Quizá, de hecho, necesitemos desarrollar cierta inquietud sobre la pérdida del futuro, análoga a la inquietud de Orwell por la pérdida del pasado y de la memoria y la niñez. Esto sería mucho más intenso que la retórica habitual sobre «nuestros hijos» (mantener el medio ambiente limpio para las futuras generaciones, no cargarlas con una pesada deuda, etc.); sería un temor que ubica la pérdida del futuro y la futuricidad, de la propia historicidad, dentro de la dimensión existencial del tiempo y, de hecho, dentro de nosotros mismos. Ésta relación con un futuro amenazado y dramatizado es característica en la ciencia ficción, en especial en el viaje en el tiempo, en el que una opción distinta en el presente borra de repente todo el futuro alternativo, con todos los que en él hubiera, un genocidio comparable con destruir otro planeta, o de hecho toda otra especie, algo que todavía parecemos perfectamente capaces de hacer. Es quizá en los viajeros del tiempo de Marge Piercy (en Woman on the Edge of Time) donde encontramos la expresión más fuerte y conmovedora de este temor, así como de las incertidumbres que lo componen. La protagonista, Connie, es de hecho una psique golpeada, sedada en exceso y diagnosticada de esquizofrenia por el estamento médico dominante: ¿quién va a decir que sus visitantes del futuro no son alucinaciones y proyecciones de deseos de un caso problemático y casi perdido? Pero por supuesto, como hemos demostrado, las utopías son también en gran medida cumplimiento de deseos, y visiones alucinatorias en tiempos desesperados. Los visitantes utópicos de Connie están doblemente amenazados: por una parte, como en la más realista de las utopías clásicas, su frágil sociedad está amenazada por todas las fuerzas no utópicas y antiutópicas del mundo exterior, en esa guerra interminable que se desata en torno a todos los enclaves utópicos, en la historia real y también fuera de ella.
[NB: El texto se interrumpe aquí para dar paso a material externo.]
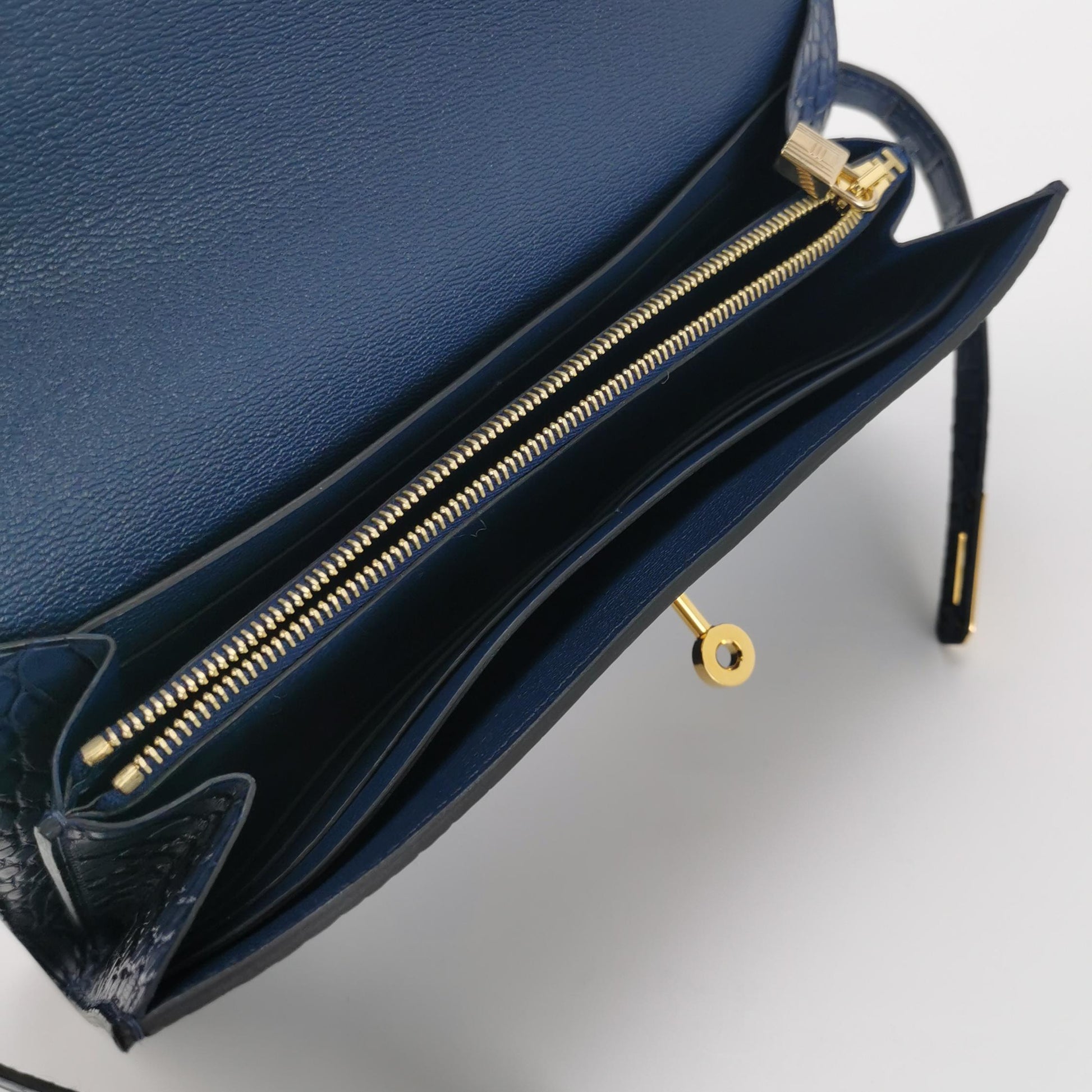 Kelly Large Alligator Gold 7L Blue C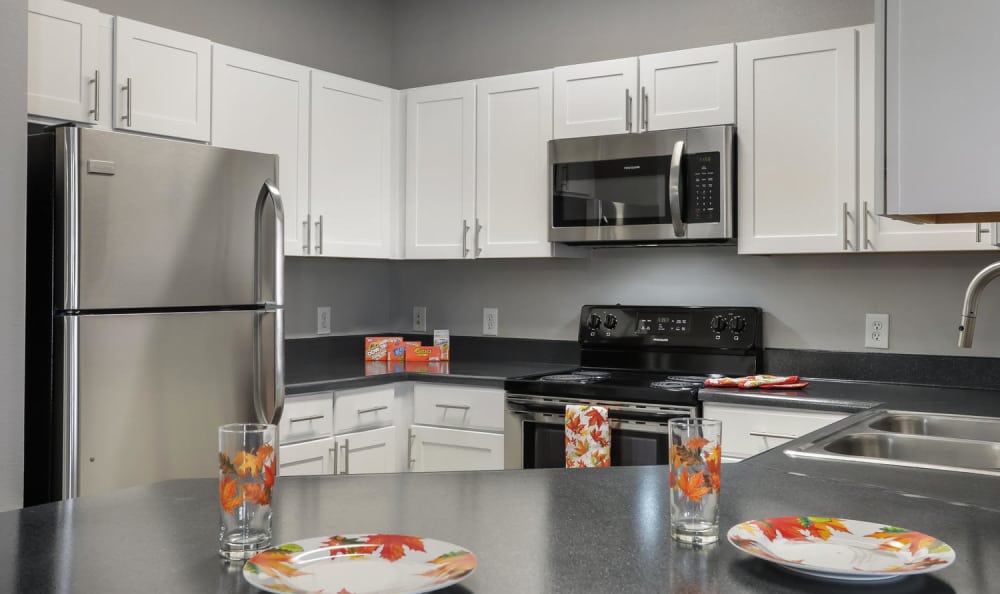 Kitchen at Hawthorne Hill Apartments in Northglenn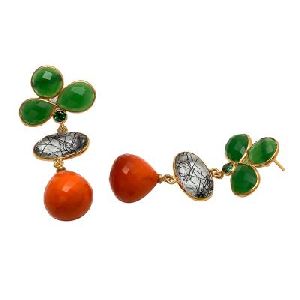 Orange Chalcedony and Black Rutile And Green Onyx Earring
Por otra parte, como en el paradigma habitual del viaje en el tiempo planteado por la ciencia ficción, los utópicos de Mattapoisett están también amenazados por el presente, del que constituyen una historia alternativa que, para empezar, tal vez nunca llegue a existir. Como en La Jetée, pero en un espíritu muy distinto, tienen que llegar a enrolar el presente en su lucha por existir; pero sólo pueden aparecerse ante aquellos que ya necesitan la utopía. El atractivo de los personajes de Piercy para Connie (y para nosotros) es, por lo tanto, el mensaje secreto de todas las utopías, presentes, pasadas y futuras:
—¿Estáis realmente en peligro?
—Sí —su gran cabeza asintió con cordialidad—. Vosotros podéis fallarnos
—¿Yo? ¿Cómo?
—Vosotros, los de vuestro tiempo. Los de vuestro tiempo podéis no luchar en absoluto… Nosotros tenemos que luchar por existir, por conservar la existencia, para ser el futuro que acaece. Por eso nos hemos acercado a ti.[368]